Comment by eridius

8 years ago

Ragel shares part of the blame. Why did it use a strict equality check when it could have trivially done a >=?

12 comments

eridius

Even a >= check would have been suboptimal. Rather than

    /* generated code */
    if ( ++p == pe )
        goto _test_eof;

    /* generated code */
    if ( ++p >= pe )
        goto _test_eof;

they should have had

    /* generated code */
    if ( ++p == pe )
        goto _test_eof;
    assert(p < pe);

since having servers core dumping would have drawn attention to the bug in a way that counting one byte too many and then hitting _test_eof would not.

Scaevolus 8 years ago
Some assert() macros are disabled on release builds, so that's not exactly safe either.
- cperciva 8 years ago
  
  True, but I'd hope that NDEBUG is now widely recognized as being a horrible misfeature.
  
  1 reply →

arestor 8 years ago

It's C. If you have an array, you may only compare to one element behind the last. Everything else is undefined behavior. So a compiler may just "optimize" your >= to ==.

eridius 8 years ago
No it won't. It's using pointers, not array indices. The compiler has no possible way of knowing that `pe` is the one-past-the-end address.
- arestor 8 years ago
  
  It's still UB. The array could potentially be at the end of the address space...
  
  1 reply →
vbernat 8 years ago

It's not an array. It's inside a large buffer allocated by nginx.

pepve 8 years ago

That's a great defensive technique. But even when you do that, the underlying bug should still be fixed. I don't think the equality operator is the underlying bug.

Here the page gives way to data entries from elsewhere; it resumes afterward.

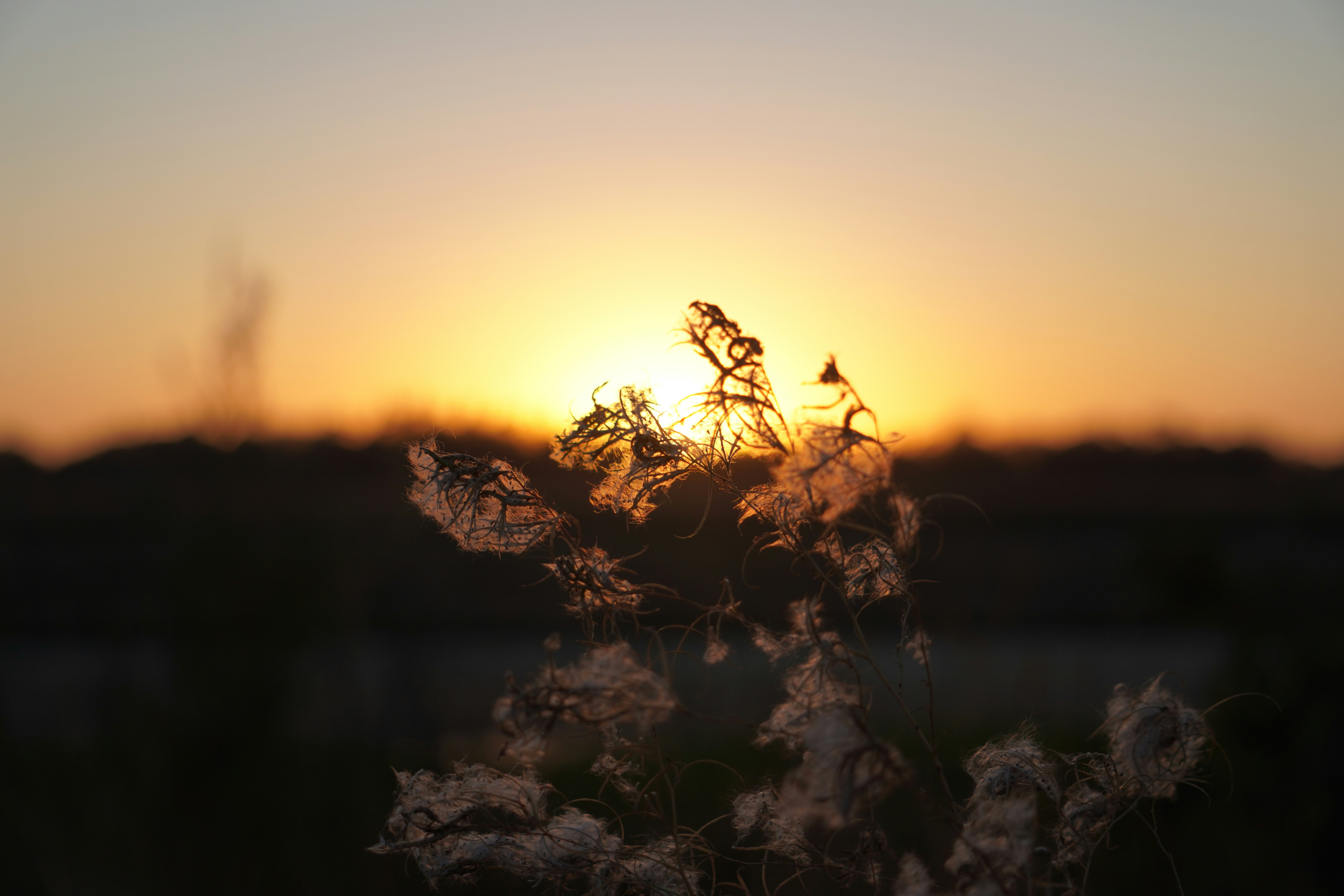 Photo by joeldurkee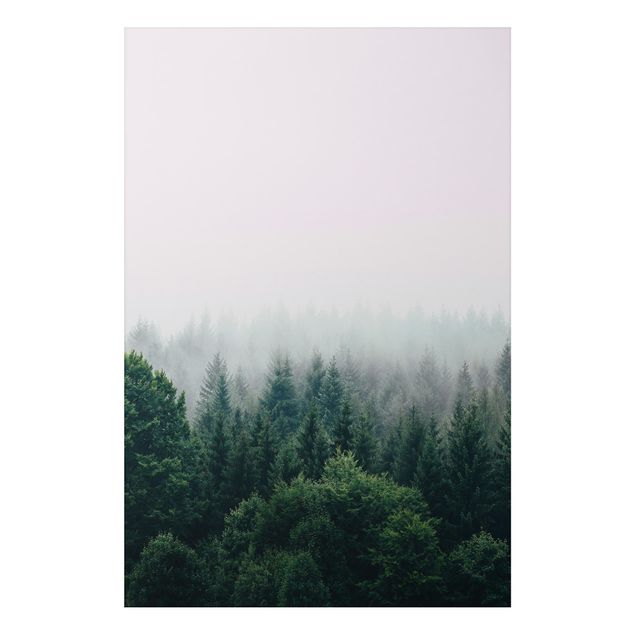 Landscape canvas prints Foggy Forest Twilight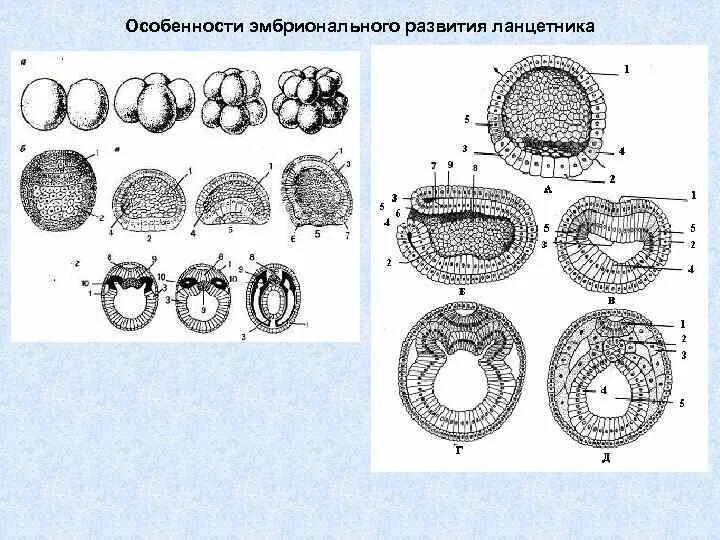 Наука изучающая развитие зародыша. Схема эмбрионального развития ланцетника. Схема эмбриогенеза ланцетника. Эмбриогенез ланцетника. Схема онтогенеза ланцетника.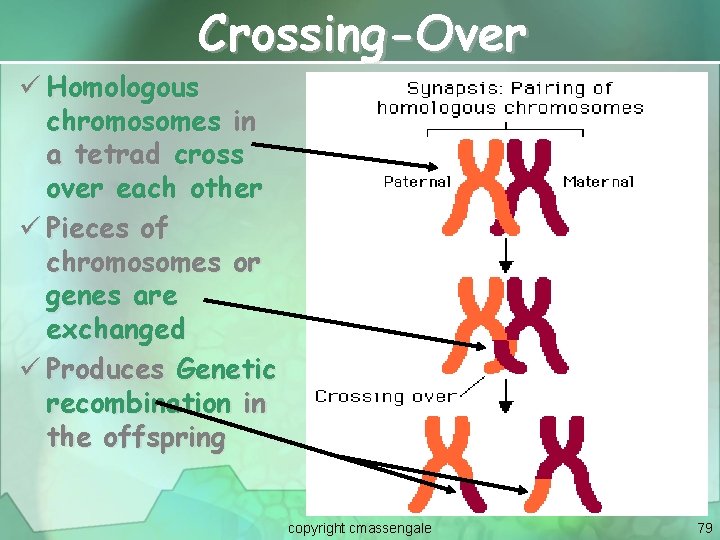 Crossing-Over ü Homologous chromosomes in a tetrad cross over each other ü Pieces of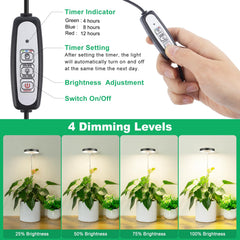 LORDEM Full Spectrum LED Grow Light in use with indoor plants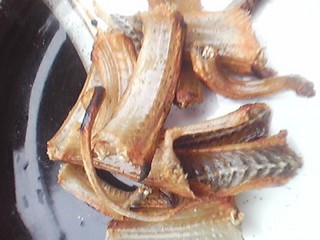 20130613_snake6.jpg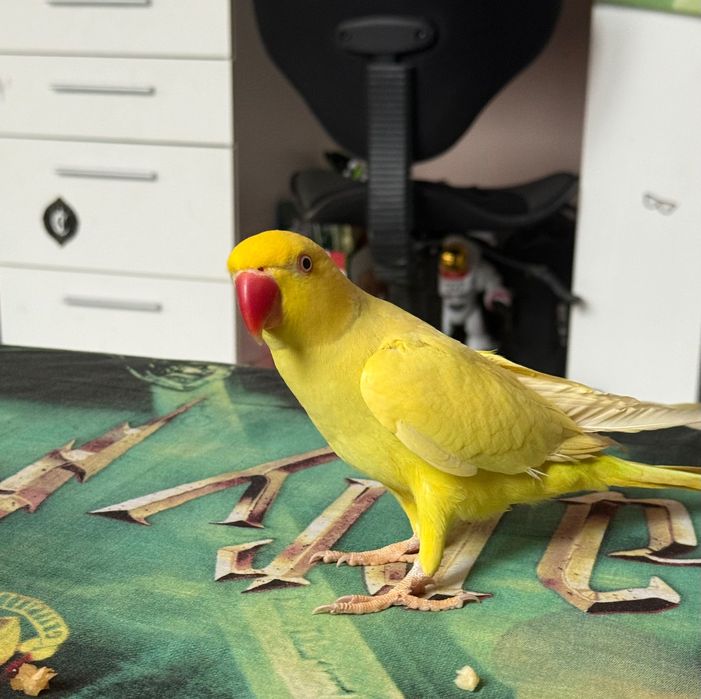 Papagal micul Alexander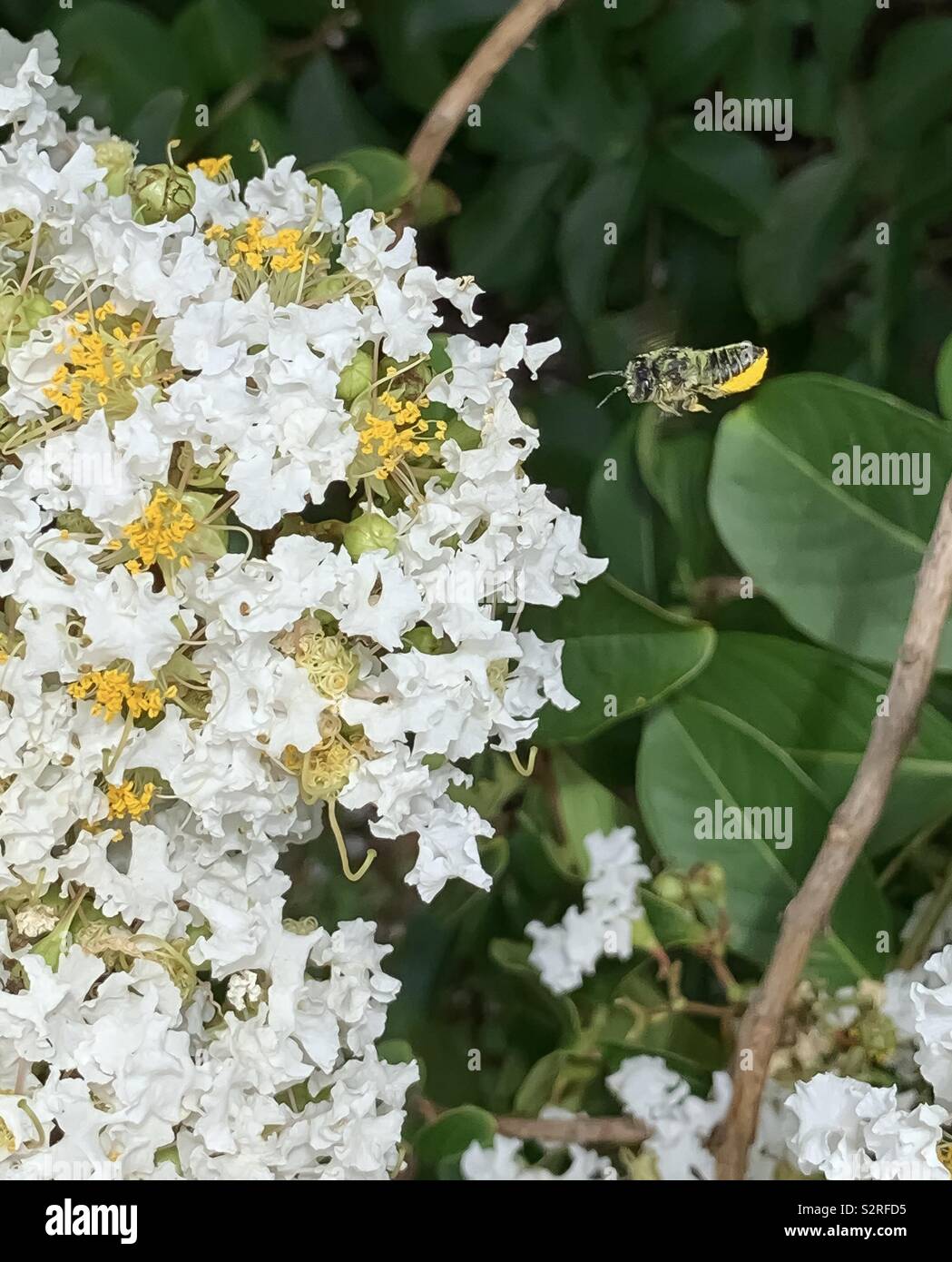 White crepe myrtle bloom with bee flying to the bloom - Smartphone Captured Stock Image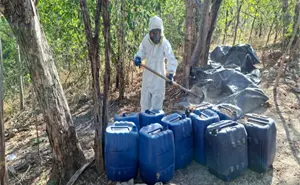 Decomiso millonario en Sinaloa: aseguran 5 mil litros y 650 kilos de precursores para metanfetamina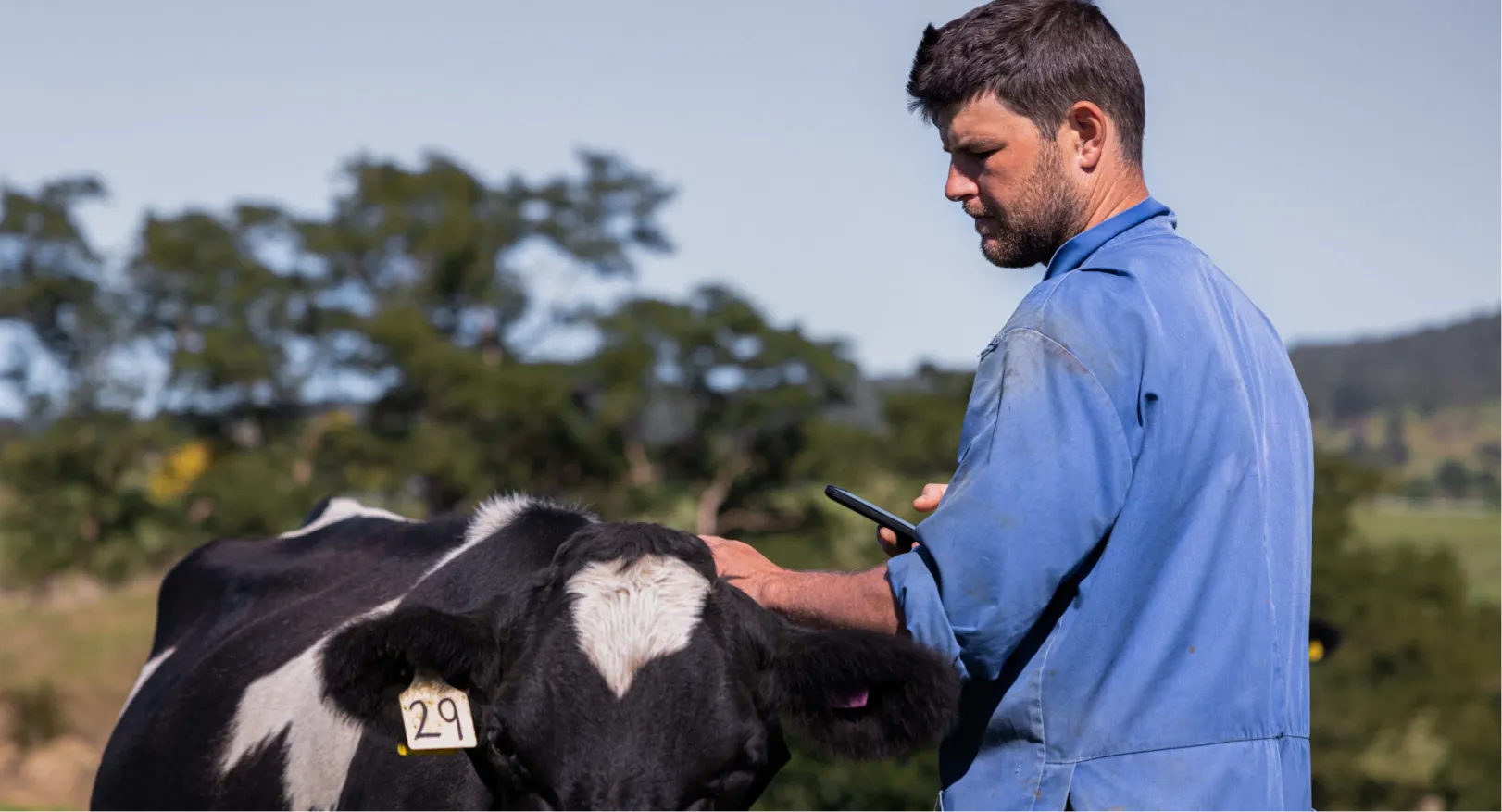 Farmer in a blue work uniform interacting with a dairy cow marked with a number tag, holding a mobile device in one hand while gently checking Halter collar on cow with the other.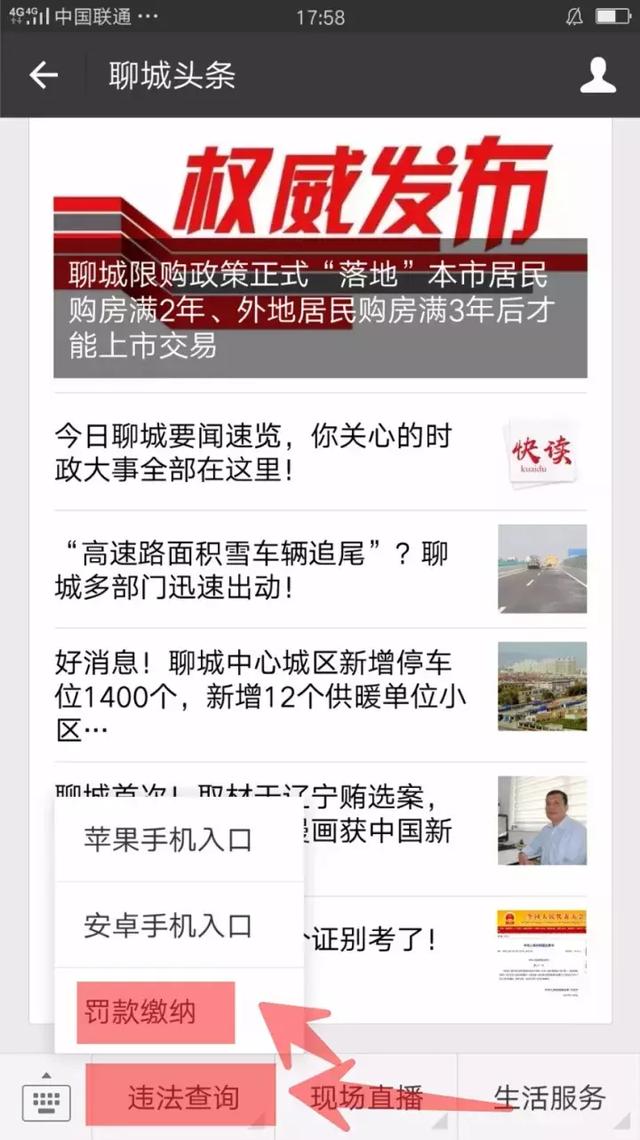 聊城车辆违章查询系统官方网站(聊城驾照个人信息查询)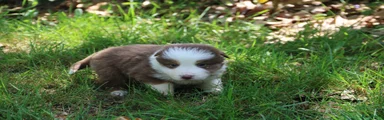 Australian Shepherd Puppy 5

Consecutive pointer increments without a bounds check in between sounds like a bug to me. But I don't really know Ragel, and perhaps the compiler doesn't have enough information to determine this is what's happening.

zzzcpan 8 years ago

Ragel is a low-level tool, it doesn't operate on bounds-checkable abstractions. But it does allow you to specify how to get the character, where you can do bounds-checking, if you need.

andrewf 8 years ago

Speculation: people may want to use Ragel-generated code in C++, where strict equality checks are idiomatic. p may be an iterator instead of a raw pointer. >= can be absent, or slower than ==.